=== GIVEN INFORMATION ===

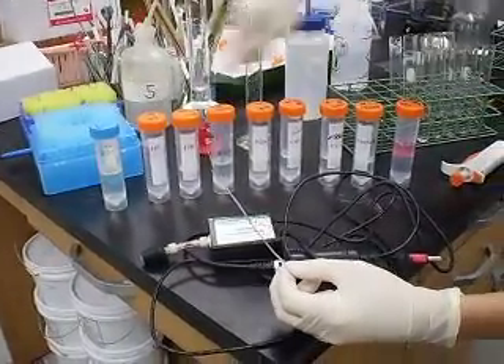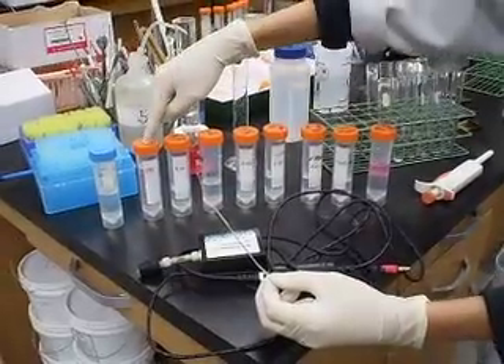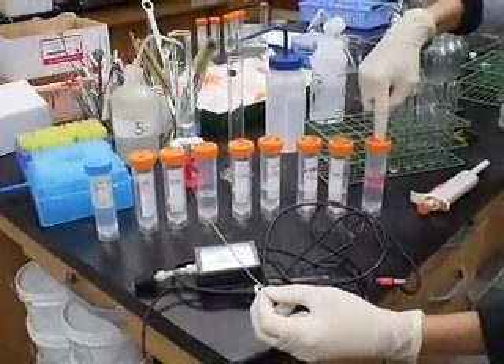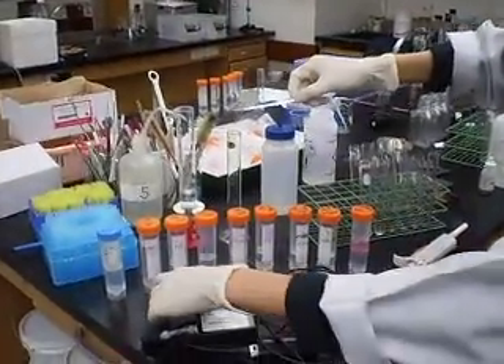I did a 2-fold serial dilution from 1M: 0.5, 0.25, all the way down. So this goes from most concentrated to least concentrated. There will be a reaction between magnesium and hydrochloric acid.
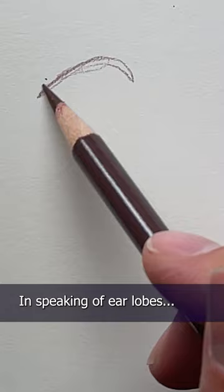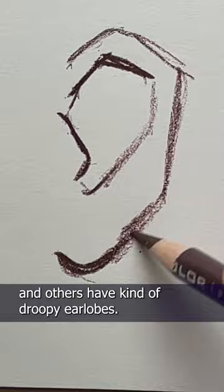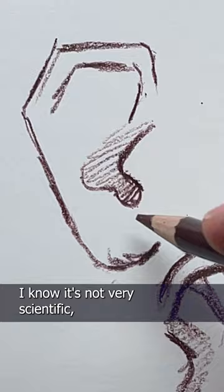Speaking of earlobes, some people have ears that have attached earlobes, and others have kind of droopy earlobes, like this. Other than that, I just kind of focus on those three parts and then fill the rest of the ear with some lines and shade it in. I know it's not very scientific, but you all did ask me how I draw ears, and this is it.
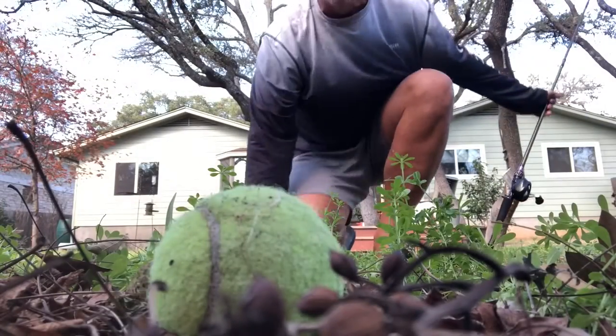Make sure your casts are good — landing it softly, landing it accurately within an inch or two of those targets as much as possible. It's better to practice here when you're at home than out on the water. You do the work here so it pays off out there, and you catch the big bass.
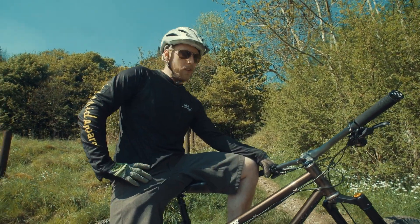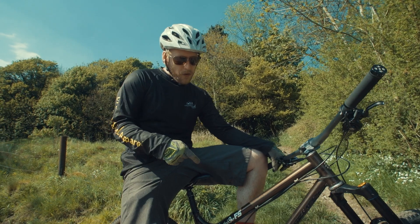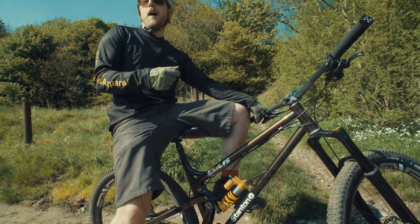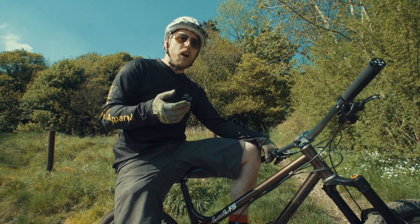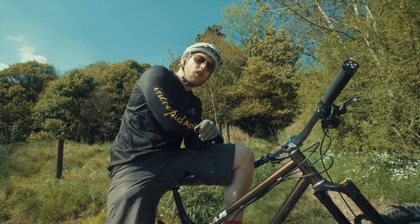Hi, I'm Dan from Stanton Bikes. We're just out on a little local loop trying out the Switch Niner FS. We're about a mile away from where this thing's made at our unit in Matlock. We just thought we'd stop and give you a little rundown of how things are going with this project.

===

## ACTION ITEM
Give the preceding data back exactly, minus every picture.

## ANSWER BOX
I did a 2-fold serial dilution from 1M: 0.5, 0.25, all the way down. So this goes from most concentrated to least concentrated. There will be a reaction between magnesium and hydrochloric acid.
Speaking of earlobes, some people have ears that have attached earlobes, and others have kind of droopy earlobes, like this. Other than that, I just kind of focus on those three parts and then fill the rest of the ear with some lines and shade it in. I know it's not very scientific, but you all did ask me how I draw ears, and this is it.
Make sure your casts are good — landing it softly, landing it accurately within an inch or two of those targets as much as possible. It's better to practice here when you're at home than out on the water. You do the work here so it pays off out there, and you catch the big bass.
Hi, I'm Dan from Stanton Bikes. We're just out on a little local loop trying out the Switch Niner FS. We're about a mile away from where this thing's made at our unit in Matlock. We just thought we'd stop and give you a little rundown of how things are going with this project.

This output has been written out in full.